The oldest imperial city in Morocco, Fès (or Fez) is the spiritual core of this country. It is home to some of north Africa's finest mosques and medersas (Islamic schools), and its largest intact medina - 10,000 labyrinthine alleys lined with leather and carpet stalls, apothecaries and barbers, spice merchants and grocers, tinkers and tailors, and jostling with mules, trolleys, tourists and a very healthy contingent of locals.

Once the power base of the intellectual and wealthy elite, "greater Fes" now has more than a million citizens, and some parts have begun to fray around the edges. In the late 90s, the World Bank loaned a large amount to the city to improve public facilities and restore the medina. The city is divided into 3 main sections: Fès el-Bali (old Fes), the amazing, almost bewildering array of alleyways in the walled medina, Fès el-Jdid, home to the Royal Palace and Jewish quarter, and the Ville Nouvelle, the smart modern section in the southwest.
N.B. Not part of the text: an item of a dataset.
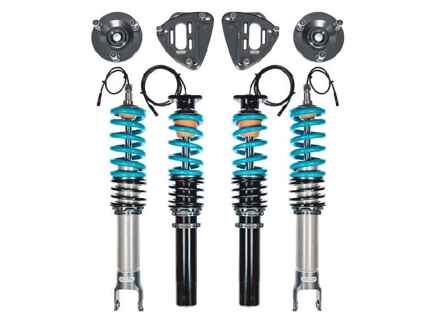 elec-TRON R1 Suspension Kit Front and Rear. Porsche 997 Carrera 2 / Carrera 2S / Carrera 2 GTS - 99734304109, 99734304111, 99734304113, 99734304110, 99734304112, 99734304513, 99734304514, 99734304114, 99733305111, 99733305109, 99733305320, 99733305325, 99733305112, 99733305327, 997333053334, 9973335337 - NTCPO022ER1FAL, NTCPO022ER1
Fès el-Bali is clustered with souks where you can haggle for crafts, especially leather goods. If you want to see exactly how your leather satchel was made, a tour of a tannery is a real eye-opener (and nose-closer) – half of Morocco’s total leather production comes from the raw materials produced in Fès's tanneries. Besides the thousands of alleys, there are also hundreds of intriguing buildings: abandoned palaces, still vibrant medersas, unexpectedly intricate townhouses, and the immense Kairaouine Mosque that can hold more than 20,000 people (closed to non-Muslims). All in all, it's more medieval than Marrakech, more evocative and authentic, tougher to penetrate, and totally undisneyfied.

Less complicated to explore, Fès el-Jdid (new Fès) is home to the mellah, the Jewish neighbourhood, with its contrasting construction style of windows and balconies facing the street. Here also is the Dar el-Makhzen (Royal Palace), wonderfully restored, although unfortunately its 80 hectares of gardens are closed to the public. Tours of palaces like Dar el Glaoui that do open their doors to tourists, and even some that don’t can be arranged via some hotels.

Make sure you visit the newly re-opened Bou Jeloud public gardens which are laid out in typical Islamic symmetry with cooling water features and grand avenues of palm. Conveniently sandwiched between Fes el-Bali and Fes el-Jdid, it makes for a perfect restbite from the hustle and bustle.

Built in the French colonial style, the Ville Nouvelle is not so secretive, with green squares, parks and tree-lined boulevards lined with chic cafés. This is the administrative district, where you’ll find the post office, banks, train station and most major restaurants.

Fès has a lively cultural scene, one of whose highlights is the Festival of Sacred Music in June.

Be aware that the medina is a gritty, almost medieval city whose only transport is mules and trolleys - which means dodging mule dung and impatient porters, not being put off by the whiff of tanneries or a street butcher decapitating chickens, walking to/from your hotel and expecting to get lost several times.

Some public buildings are closed for restoration, and many mosques are closed to non-Muslims - though you can usually poke your nose through the door without offending anyone.